Stillen

Gleich nach der normalen Gburt, schießt die Milch in die weibliche Brust ein. Bei einem geplanten Kaiserschnitt lässt der Milchfluss meist einige Tage auf sich warten. In diesem Fall gibt es jedoch Medikamente, die den Milcheinschuss beschleunigen.



Stillen ist für Mutter und Kind die natürlichste Sache der Welt, meist ist es das erste gemeinsame Erlebnis von Mutter und Kind, denn das Baby wird direkt nach der Geburt schon oft an die Brust angelegt, damit der Milchfluss schneller in Gang kommt.

Allerdings ist Stillen nicht immer so ganz einfach. Am besten funktioniert es, wenn die Frau völlig entspannt ist. Der Begriff „Wochenbett“ sollte hierbei wörtlich genommen werden und so sollte sich die Mutter mit ihrem Baby in der ersten Woche ins Schlafzimmer zurück ziehen.

Für die richtige Position gibt es keine allgemeingültige Regel. Wichtig  ist, dass es sich die Mutter so bequem wie möglich macht. Es gibt spezielle Stilkissen, mit denen man sich das Baby so hinlegen kann, wie man es am besten wünscht.

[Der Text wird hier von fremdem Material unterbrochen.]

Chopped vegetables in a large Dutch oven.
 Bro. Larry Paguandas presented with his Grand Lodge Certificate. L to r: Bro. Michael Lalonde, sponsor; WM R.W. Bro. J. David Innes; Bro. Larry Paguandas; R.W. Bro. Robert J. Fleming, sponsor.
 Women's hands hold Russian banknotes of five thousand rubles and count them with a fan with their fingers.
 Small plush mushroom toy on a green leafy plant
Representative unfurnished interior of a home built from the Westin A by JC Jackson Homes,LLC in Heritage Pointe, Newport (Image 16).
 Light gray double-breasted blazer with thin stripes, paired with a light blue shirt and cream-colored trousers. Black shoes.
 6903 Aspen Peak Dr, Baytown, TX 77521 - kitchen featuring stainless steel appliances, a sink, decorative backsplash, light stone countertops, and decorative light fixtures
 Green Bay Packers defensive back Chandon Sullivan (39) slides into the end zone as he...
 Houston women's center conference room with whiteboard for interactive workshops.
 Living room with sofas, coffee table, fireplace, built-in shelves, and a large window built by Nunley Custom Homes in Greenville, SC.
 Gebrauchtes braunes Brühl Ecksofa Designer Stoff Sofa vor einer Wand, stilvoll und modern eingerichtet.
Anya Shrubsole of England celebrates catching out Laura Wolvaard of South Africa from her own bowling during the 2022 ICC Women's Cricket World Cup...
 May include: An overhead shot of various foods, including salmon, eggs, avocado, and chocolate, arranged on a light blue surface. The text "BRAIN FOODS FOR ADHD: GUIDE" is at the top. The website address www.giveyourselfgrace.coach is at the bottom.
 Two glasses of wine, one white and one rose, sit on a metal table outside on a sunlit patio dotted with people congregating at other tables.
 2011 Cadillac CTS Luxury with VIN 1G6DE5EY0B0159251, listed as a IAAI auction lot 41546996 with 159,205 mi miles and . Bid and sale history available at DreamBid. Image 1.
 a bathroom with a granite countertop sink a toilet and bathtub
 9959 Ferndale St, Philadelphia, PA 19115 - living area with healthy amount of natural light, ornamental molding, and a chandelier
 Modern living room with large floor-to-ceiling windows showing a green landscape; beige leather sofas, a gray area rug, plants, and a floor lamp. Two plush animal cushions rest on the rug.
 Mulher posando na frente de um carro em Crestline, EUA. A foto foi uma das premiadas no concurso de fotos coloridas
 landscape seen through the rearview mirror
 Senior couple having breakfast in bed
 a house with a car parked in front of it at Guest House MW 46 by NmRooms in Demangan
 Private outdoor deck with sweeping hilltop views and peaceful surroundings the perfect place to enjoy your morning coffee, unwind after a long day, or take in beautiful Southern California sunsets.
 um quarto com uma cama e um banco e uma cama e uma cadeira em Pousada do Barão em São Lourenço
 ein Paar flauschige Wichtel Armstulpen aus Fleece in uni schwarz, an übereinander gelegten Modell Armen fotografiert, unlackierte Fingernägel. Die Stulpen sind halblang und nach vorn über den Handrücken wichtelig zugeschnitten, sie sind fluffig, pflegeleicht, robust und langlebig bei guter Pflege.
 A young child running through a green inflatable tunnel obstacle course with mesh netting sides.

Stillt man im Sitzen, hält man das Baby am besten eng an den Körper – Bauch an Bauch. In jedem Fall sollte das Baby die Brust erreichen können, ohne das es dabei den Kopf drehen oder überstrecken muss. Beim Stillen im Liegen liegt man auf der Seite und stützt den Kopf mit einem Kissen ab. Ideal ist es, wenn das Baby wieder Bauch an Bauch mit der Mutter liegt.
Um das Baby zum Saugen zu animieren, sollte man die Lippen des Kindes mit der Brustwarze berühren. Öffnet das Baby dann den Mund, zieht man es sanft zur Brust hin. Das Baby sollte dabei mit den Zahnleisten den ganzen Wurzenhof umfassen, da es so am besten mit seiner Zunge die Milch aussaugen kann.

Ein Baby bekommt ausreichend Milch, wenn es täglich zwischen sechs und acht nasse Windeln hat, pro Woche 100 bis 250 Gramm zunimmt und einen zufriedenen Eindruck macht. Hierbei sollte man sich aber nicht unter Druck setzten, einmal in der Woche wiegen reicht völlig aus.